A colorful wooden safety fence on Broadway between State and Union streets Downtown surrounds a construction site that will be home to a new federal courthouse. The fence is decorated with drawings made by students from Harborside School, reflecting the kids' visions of the future. One drawing shows people traveling via bubble; nearby, another depicts a solar-powered flat-screen TV announcing the UFO news at noon.
There's clearly an underlying theme to the young artists' work: a hope for sustainable energy sources. There's a wind-turbine-powered hotel and magnet-propelled cars in full Crayola glory. One sketch shows a space vehicle fueling up at a futuristic gas station, where the price for regular, super and diesel is marked at $1 per gallon. A few blocks away, outside the Central Public Library, a street preacher effusively warns: “Gas prices are going to reach $7 a gallon. Arabs are so rich, they're constructing man-made islands with their oil money. Isn't that crazy?”
It's a scene straight out of one of those Armageddon movies.
With a barrel of crude oil recently reaching $147, consumers are rethinking their commutes and frequenting websites like Gas buddy.com, where people post real-time gas-price updates. According to Gasbuddy's webmaster, about 10,000 San Diegans visit the site daily.
One person unscathed by Big Oil is Abrán Quevedo. On any given weekend, you can find him hard at work in his cluttered Golden Hill garage. Four years ago, the retired San Dieguito Academy auto-tech teacher was fed up with the amount of gas it took just to go to and from work, so he bought an electric-vehicle conversion kit and converted a 1990 VW Cabriolet that he nicknamed Lil' Red.
“It was a kit with three components: a DC/DC electric motor, a speed controller and a battery pack; basically, it was scaled-up golf-cart technology,” he says.
Since then, his pastime has turned to passion. He threw away the textbooks and started teaching his own 10-day class on electric-car conversion, under the auspices of the Electric Vehicle Association of San Diego. His first course had an enrollment of six. Word-of-mouth brought 40 students to his second session, and by his third go at it, he was forced to open a second concurrent class to meet the high demand.
“It started out as a hobbyist movement, and now it's becoming an under-the-radar grassroots one,” said Quevedo, also known as Mr. Q.
The grassroots level is pretty much where the electric-car movement's at right now. Almost two decades ago, the California Air Resources Board mandated that by 2003, 10 percent of all new vehicles sold in California had to be electric. But high manufacturing costs and limitations on speed, size and travel distance gave major car manufacturers reasons to fight—and successfully overturn—the CARB mandate. Currently, the best option for folks wanting a functional EV is to convert a standard car, but with soaring gas prices and a push for alternative fuel, the big automotive companies seem to be coming around. General Motors, which scrapped its EV1 program in 1999 (as documented in Who Killed the Electric Car?) has seen a steady decline in sales of its gas-guzzling Hummer and recently announced plans to introduce the Chevy Volt to the masses sometime in 2010. And racecar manufacturer Shelby plans to unveil the Ultimate Aero EV by the end of 2009. How far a converted electric vehicle can travel on a fully charged battery depends on the weight of the car, with heavier vehicles getting around 30 or 40 miles per charge and lighter vehicles able to travel up to 90 miles before needing more juice.
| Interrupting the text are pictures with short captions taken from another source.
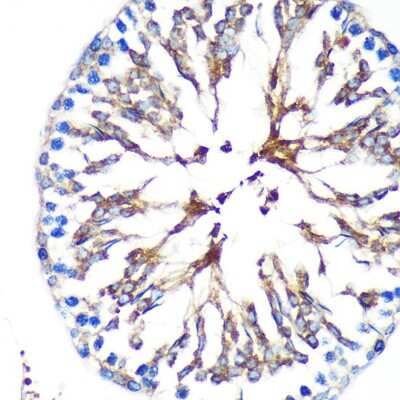 Immunohistochemistry-Paraffin: KIF17 Antibody - Azide and BSA Free [NBP3-04986]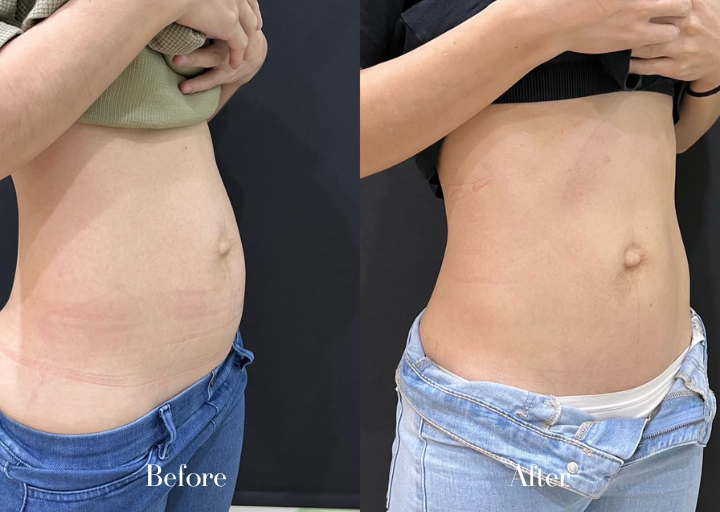 Body Contouring After Result 1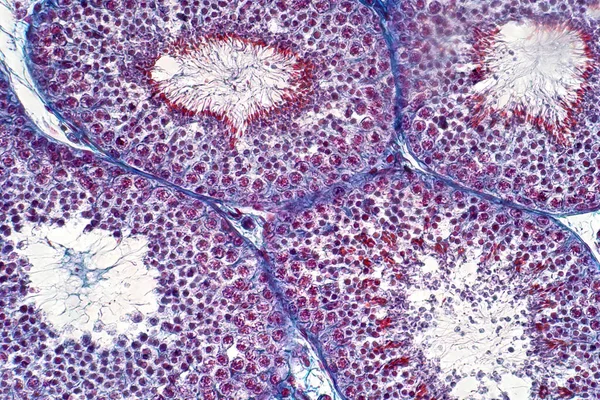 Людина Дає Свідчення Під Мікроскопом Показує Сперматогонію Сперматоцити Мейозі Сперматидах — стокове фото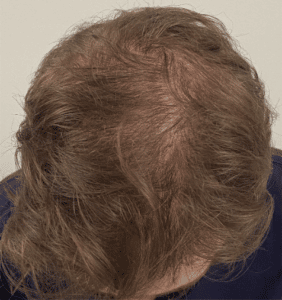After Image: PRP Hair Restoration – Male
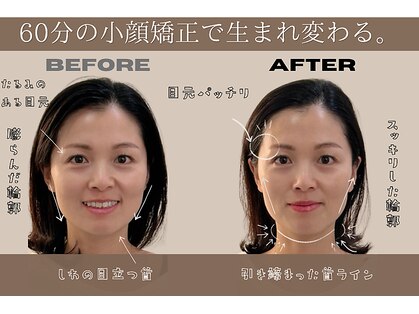 トワビー(towabii)の写真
The day I visited Quevedo, he was wearing a sleeveless T-shirt that showed off an electric-car tattoo on his right arm. Emblazoned on his shirt was a hieroglyphic-like dragon whose body is a series of five twisted internal combustion engine (ICE) chambers. That's Puff da Mechanical Dragon, Quevedo pointed out, before breaking into song: “Puff da Mechanical Dragon is an I.C.E who frolics in the smoggy mist of L.A. and D.C. Now Jack and Jill got sick, riding around on Puff. And then one day the kids dropped dead from breathing all that stuff….”
Quevedo said he belongs to the “gramps” generation and feels the need to be a leader. “I turn ICE cars into nice cars [because] I feel a tremendous responsibility to do whatever is in my power in order to provide clean breathing air for all the future Jack and Jills,” he said.
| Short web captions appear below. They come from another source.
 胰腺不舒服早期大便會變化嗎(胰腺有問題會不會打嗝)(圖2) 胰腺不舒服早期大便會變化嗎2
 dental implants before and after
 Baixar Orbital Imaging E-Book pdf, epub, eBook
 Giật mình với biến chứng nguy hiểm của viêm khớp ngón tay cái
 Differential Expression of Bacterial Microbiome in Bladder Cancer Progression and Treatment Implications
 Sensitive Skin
He knows he's at the forefront of a movement that's slowly catching on. “For the most part, we're a group of backyard tinkerers. However, just like '50s and '60s hot rods were decades ahead of production-line muscle cars by major car manufacturers, we are as well,” Quevedo said. “We are the hot-rod tinkerers of this 21st century.”
This year's course, which begins July 28, has been sold out for two months, with a waiting list of 60, and Quevedo has eager pupils coming from as far away as South America, Italy and Japan to take part in the intensive $300 workshop.The popularity of Quevedo's class is further evidence that the electric vehicle is experiencing a renaissance. The Electric Vehicle Association of San Diego (EVA), for instance, has recently seen attendance double from about 50 to roughly 100 at their monthly meetings, held at Pearson Fuels in City Heights, the nation's first alternative fuel station. Some of Quevedo's EVA colleagues have converted classic Caddies and, in one case, even a 1930s Rolls Royce. Quevedo says that just about any car can be given an internal makeover. “Existing engine, radiator, gas tank, exhaust and smog systems are gutted, so even a junkyard car is a good candidate,” he assures.
“Just think about it: No more gas or smog tests. Zero maintenance and zero emissions. It's a win-win-win situation. The only hang-up is the upfront investment.”
True, at $10,000 a conversion, it's a hefty one. But electric-vehicle owner Jason Greenblatt says he's done the math, and “$10,000 doesn't seem quite as bad. It'll end up paying for itself within a few years.”
Greenblatt commutes daily from his home near Crown Point in Pacific Beach to his job in Kearny Mesa, where he works as a clean-transportation program analyst for San Diego Gas & Electric. “At current gas prices, around $4.50 a gallon, a typical 25-mpg car can be expected to [cost] nearly $20,000 in gas over a 100,000-mile lifetime. This puts the electric-car conversion costs into perspective,” he said.
Quevedo hooked up Greenblatt's car—also a VW Cabriolet—with a pack of 18 8-volt batteries. To recharge the car, all Greenblatt needs to do is plug it into a standard 110-volt wall outlet. Though the investment was daunting, Quevedo set up a payment plan for Greenblatt that included an agreement to have him stop by the shop and lend a hand—“sweat equity,” Quevedo said.
“Freshly charged, it has a nice kick to it,” Greenblatt boasted. “It pulls pretty good past the 20-mph mark, if you drop the clutch,” he added as we took a spin around the block.
Quevedo's mission in life is clear: Get multi-car families to convert one of their vehicles to electric. “It would be perfect for running errands and making short commutes. Gas-powered vehicles ultimately are less-efficient and pollute more during short trips,” he said.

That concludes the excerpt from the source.